Eran las once de la noche cuando el testigo alertó a los Mossos d'Esquadra diciendo que había visto a los cuatro ladrones, tres de ellos hombres multirreincidentes, y una mujer, entrando en la casa de su vecino, en la calle Alcalde Sala de Bellpuig, un pueblo de poco más de 5.500 habitantes. Hasta la vivienda se desplazaron inmediatamente varias patrullas de la Unitat de Seguretat Ciutadana (USC).
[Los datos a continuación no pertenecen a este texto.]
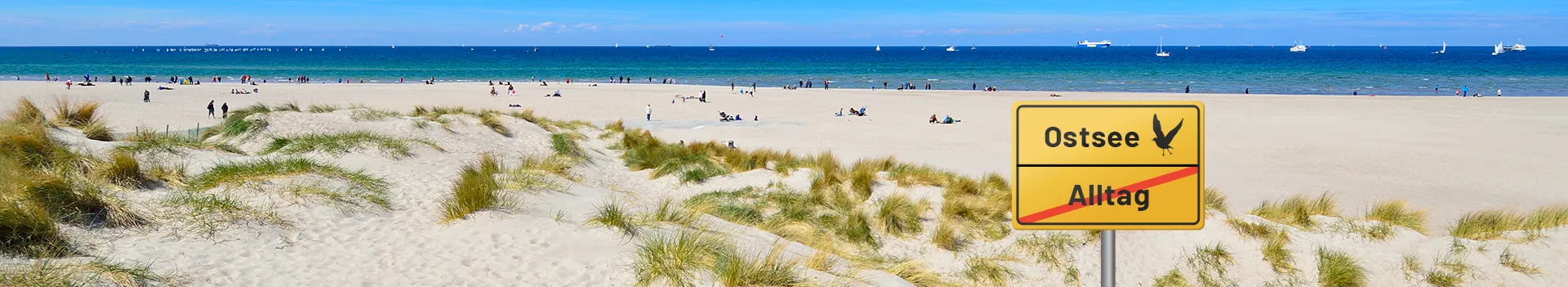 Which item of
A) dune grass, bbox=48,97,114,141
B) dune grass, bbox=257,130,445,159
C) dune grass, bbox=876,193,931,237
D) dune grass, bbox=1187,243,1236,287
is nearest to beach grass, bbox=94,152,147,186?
dune grass, bbox=257,130,445,159

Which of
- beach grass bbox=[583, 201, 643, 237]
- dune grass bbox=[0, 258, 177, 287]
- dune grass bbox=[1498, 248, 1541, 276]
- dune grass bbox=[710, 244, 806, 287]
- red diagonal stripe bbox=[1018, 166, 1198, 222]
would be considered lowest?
dune grass bbox=[1498, 248, 1541, 276]

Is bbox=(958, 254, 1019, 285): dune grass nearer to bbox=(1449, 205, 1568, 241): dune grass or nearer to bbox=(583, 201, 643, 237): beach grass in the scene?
bbox=(583, 201, 643, 237): beach grass

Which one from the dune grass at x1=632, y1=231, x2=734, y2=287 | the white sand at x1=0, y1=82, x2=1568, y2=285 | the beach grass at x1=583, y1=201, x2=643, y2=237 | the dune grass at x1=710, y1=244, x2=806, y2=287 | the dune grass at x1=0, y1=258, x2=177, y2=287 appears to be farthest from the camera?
the beach grass at x1=583, y1=201, x2=643, y2=237

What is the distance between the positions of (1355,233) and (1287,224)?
23.0 inches

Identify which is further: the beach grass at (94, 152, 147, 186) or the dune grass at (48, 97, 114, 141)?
the dune grass at (48, 97, 114, 141)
Los ladrones, al ver a los agentes, subieron al coche y huyeron del municipio por la autovía A-2.
Detención
La persecución policial duró poco tiempo porque, en el punto kilométrico 517 de esta carretera, en el término municipal de Cervera —a solo 23 kilómetros de distancia, unos quince minutos en coche— los Mossos d'Esquadra pudieron detener el vehículo en el que iban los ladrones. Los agentes identificaron a los delincuentes y los detuvieron, acusados de ser los supuestos autores de los delitos de robo con fuerza, conducción temeraria, daños, resistencia y desobediencia.
Se trata de tres hombres de nacionalidad chilena, de 33, 31 y 27 años, y con antecedentes policiales, y una mujer nacida en Colombia de 26 años y sin antecedentes. Los arrestados fueron trasladados a la comisaría, a la espera de pasar a disposición judicial ante el juez en funciones de guardia.